Neighborhoods located closest to the river’s old industrial zones such as Bridesburg, Port Richmond, Kensington, and Fishtown, are located in the heart of the region’s hazardscape. It is largely an inherited landscape, but new infrastructure expansions along the river such as the expansion of I-95 and the deepening of the Delaware River continue to funnel more environmental hazards into an already intensely overburdened area. With the increase in auto and barge traffic along this river corridor comes a potential for adding more air pollution to already existing threats to public health.
These projects are literally cementing in place the path dependencies built into Philadelphia’s inherited landscape of environmental hazards: commercial highways and international ports abutting residential neighborhoods are unlikely to be moved. The deepening of the Delaware is in part a response to the widening of the Panama Canal, as east coast ports jockey to capture the potential redirection of international cargo traffic. While Delaware River ports aren’t likely to pull in more traffic than New York’s ocean access port, Philadelphia’s planned port expansion at Southport puts that hazardous use hard up against the burgeoning Navy Yard, where offices, retail, green space, and eventually residential uses are planned.
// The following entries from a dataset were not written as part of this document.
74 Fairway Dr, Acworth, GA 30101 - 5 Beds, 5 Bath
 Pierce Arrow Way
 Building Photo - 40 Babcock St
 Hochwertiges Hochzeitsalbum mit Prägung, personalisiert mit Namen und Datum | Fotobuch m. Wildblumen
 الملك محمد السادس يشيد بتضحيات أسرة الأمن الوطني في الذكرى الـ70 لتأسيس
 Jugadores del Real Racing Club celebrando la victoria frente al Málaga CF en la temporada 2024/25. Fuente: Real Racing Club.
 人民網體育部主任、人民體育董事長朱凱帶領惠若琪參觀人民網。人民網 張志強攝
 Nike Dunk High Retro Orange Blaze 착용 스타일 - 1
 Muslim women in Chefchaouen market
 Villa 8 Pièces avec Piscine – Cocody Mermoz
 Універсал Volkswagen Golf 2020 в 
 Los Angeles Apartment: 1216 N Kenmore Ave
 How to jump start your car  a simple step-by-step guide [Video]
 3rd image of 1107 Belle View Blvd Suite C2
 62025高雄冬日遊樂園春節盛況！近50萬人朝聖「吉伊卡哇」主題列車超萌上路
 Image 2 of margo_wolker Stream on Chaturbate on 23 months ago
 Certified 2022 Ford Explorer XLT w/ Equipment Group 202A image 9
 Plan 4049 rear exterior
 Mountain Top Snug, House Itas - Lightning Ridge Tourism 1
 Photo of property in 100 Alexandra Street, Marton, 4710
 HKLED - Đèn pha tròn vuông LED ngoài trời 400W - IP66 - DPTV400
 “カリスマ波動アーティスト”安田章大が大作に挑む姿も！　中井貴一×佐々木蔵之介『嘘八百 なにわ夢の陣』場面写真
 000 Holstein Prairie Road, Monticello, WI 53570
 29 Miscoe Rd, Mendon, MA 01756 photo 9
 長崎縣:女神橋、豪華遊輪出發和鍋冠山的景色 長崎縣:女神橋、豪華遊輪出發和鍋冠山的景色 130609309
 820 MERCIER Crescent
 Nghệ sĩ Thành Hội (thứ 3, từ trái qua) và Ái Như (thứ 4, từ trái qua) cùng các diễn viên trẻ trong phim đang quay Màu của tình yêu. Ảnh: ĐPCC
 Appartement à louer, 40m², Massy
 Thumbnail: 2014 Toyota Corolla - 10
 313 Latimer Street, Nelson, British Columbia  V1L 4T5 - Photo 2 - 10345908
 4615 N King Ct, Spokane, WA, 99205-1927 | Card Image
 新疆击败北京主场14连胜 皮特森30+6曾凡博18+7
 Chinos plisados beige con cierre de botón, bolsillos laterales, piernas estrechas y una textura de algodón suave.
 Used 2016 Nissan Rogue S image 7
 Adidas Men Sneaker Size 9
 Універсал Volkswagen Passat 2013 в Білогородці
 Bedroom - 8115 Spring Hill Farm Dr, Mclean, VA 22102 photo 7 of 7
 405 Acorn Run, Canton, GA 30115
The Delaware River, a still heavily polluted river bordering the eastern edge of the city has defined Philadelphia’s industrial history as much as it still defines where contemporary environmental hazards are located. A recent study by Diane Sicotte, Ph.D., an environmental sociologist at Drexel University, revealed an interesting fact about this landscape: proximity to the Delaware, more than any other factor, significantly increases the likelihood that your community is extensively burdened with environmental hazards. Sicotte’s map of the region shows a solid chain of hazardous zones snaking along the western edge of the river, traveling over the bridge to Camden as it moves further south.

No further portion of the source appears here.